A good teacher doesn’t just impart information to their students, they empower their students to be excellent learners. In my classes I’m thinking not just about how I can increase my student’s ability with a given technique in that moment, but what I can give them that will help them meaningfully practice, implement, and build from that technique afterward. Here are some of the guidelines I follow.

Make your students responsible for their own learning

You can do the teaching, but they have to do the learning. The more you can impart the responsibility and the ability for students to understand and maximize their own learning the faster they will advance. I explicitly give this responsibility to my students, and it’s a core value of my school. I want my students to be active and hungry devourers of information—independent of me—not simply passive sponges.

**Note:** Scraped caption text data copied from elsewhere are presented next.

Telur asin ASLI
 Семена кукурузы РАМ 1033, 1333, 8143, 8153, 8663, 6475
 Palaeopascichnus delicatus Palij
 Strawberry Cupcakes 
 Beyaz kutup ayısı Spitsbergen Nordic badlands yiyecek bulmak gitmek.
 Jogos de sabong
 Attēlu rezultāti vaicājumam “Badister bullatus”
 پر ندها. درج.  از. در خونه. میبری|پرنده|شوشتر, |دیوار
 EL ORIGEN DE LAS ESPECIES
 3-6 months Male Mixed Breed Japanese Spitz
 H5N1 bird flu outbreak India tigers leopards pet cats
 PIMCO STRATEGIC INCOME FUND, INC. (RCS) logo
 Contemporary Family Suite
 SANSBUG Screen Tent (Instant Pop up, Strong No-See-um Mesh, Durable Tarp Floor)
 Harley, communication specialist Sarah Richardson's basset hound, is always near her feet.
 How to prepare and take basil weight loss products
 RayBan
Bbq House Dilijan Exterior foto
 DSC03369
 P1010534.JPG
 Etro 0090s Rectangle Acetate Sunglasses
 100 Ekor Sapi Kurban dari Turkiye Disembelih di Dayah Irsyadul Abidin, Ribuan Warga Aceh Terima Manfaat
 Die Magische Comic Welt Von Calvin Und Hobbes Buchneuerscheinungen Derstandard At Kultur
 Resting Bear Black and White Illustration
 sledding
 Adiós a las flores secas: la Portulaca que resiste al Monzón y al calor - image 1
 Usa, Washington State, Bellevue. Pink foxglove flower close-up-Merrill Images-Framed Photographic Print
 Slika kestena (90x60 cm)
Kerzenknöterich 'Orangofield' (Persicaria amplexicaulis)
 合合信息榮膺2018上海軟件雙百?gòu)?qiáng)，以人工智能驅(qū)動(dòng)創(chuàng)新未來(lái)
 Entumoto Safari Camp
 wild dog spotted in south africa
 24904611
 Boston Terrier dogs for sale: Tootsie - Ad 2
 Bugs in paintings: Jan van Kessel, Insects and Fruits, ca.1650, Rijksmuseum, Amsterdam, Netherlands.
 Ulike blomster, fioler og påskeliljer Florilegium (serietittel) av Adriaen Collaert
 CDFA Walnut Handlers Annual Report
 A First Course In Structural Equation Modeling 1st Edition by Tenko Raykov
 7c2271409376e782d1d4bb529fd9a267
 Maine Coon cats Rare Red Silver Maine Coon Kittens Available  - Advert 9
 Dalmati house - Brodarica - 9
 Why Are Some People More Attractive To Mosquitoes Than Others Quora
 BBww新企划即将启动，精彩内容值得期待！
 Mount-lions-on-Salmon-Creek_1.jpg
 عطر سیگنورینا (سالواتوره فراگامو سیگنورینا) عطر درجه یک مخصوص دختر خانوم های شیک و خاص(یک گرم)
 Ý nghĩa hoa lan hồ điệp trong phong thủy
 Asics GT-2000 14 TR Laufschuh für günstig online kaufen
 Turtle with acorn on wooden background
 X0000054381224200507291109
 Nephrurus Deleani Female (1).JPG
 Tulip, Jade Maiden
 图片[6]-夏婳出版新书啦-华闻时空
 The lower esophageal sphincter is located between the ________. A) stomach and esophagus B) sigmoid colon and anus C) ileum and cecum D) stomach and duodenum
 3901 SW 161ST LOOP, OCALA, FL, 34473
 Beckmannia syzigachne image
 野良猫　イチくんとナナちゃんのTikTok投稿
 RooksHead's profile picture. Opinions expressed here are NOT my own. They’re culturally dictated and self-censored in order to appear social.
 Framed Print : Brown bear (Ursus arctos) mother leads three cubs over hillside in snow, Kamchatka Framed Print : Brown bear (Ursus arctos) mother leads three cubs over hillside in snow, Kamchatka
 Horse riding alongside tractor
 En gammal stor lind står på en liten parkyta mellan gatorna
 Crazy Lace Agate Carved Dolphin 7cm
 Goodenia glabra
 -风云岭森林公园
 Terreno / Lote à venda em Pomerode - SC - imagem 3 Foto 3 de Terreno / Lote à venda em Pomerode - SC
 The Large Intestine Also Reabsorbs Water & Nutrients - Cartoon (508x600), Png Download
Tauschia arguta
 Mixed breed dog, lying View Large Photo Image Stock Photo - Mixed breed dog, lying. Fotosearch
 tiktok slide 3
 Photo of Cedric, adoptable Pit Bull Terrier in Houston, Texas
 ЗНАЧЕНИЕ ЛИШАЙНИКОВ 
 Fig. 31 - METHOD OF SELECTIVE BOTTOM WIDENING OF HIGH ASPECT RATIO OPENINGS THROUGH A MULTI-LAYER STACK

Teach your students to build their own drills

At least 50% of a student’s training time should be outside of class. Give your students not just the drills from class but the tools to advance them and vary them.

Empower students to control their own difficulty level

Even if you have a graduated program in your school or group, you will invariably have students who need, or want, to work at different levels. Good drills can be scaled for difficulty. Give your students a view of how to scale up and scale down and teach them how to make wise choices in difficulty for their own learning.

Encourage students to adapt in-class drills to their needs

Alternating in sets of one isn’t working for you? Ask your partner to alternate with you in sets of five. The complex drill is getting overwhelming? Ask your partner to do the simpler version. Didn’t quite get something from earlier in class? Take a moment to go back. Yes, you want your students to stay on topic, but allowing room for student agency within your lesson plan maximizes individual learning and frees you up to provide much more meaningful guidance.

Have priorities but not secrets

Give your students the full picture of your art and then help direct them to the learning that is best for their long-term practice. If a student of mine wants to know the counter to an advanced technique, I show them, and invite them to explore it. Then, I guide them back toward what I feel is the best priority for their learning at that stage in their journey. I’m completely transparent with my reasoning and my art. Your students should be learning from you because of what you offer, not what you control.

In all these things, be mindful that if your goal is being a partner in your student’s learning, you’ll be more powerful as a facilitator than you will as a gatekeeper, despot or bureaucrat.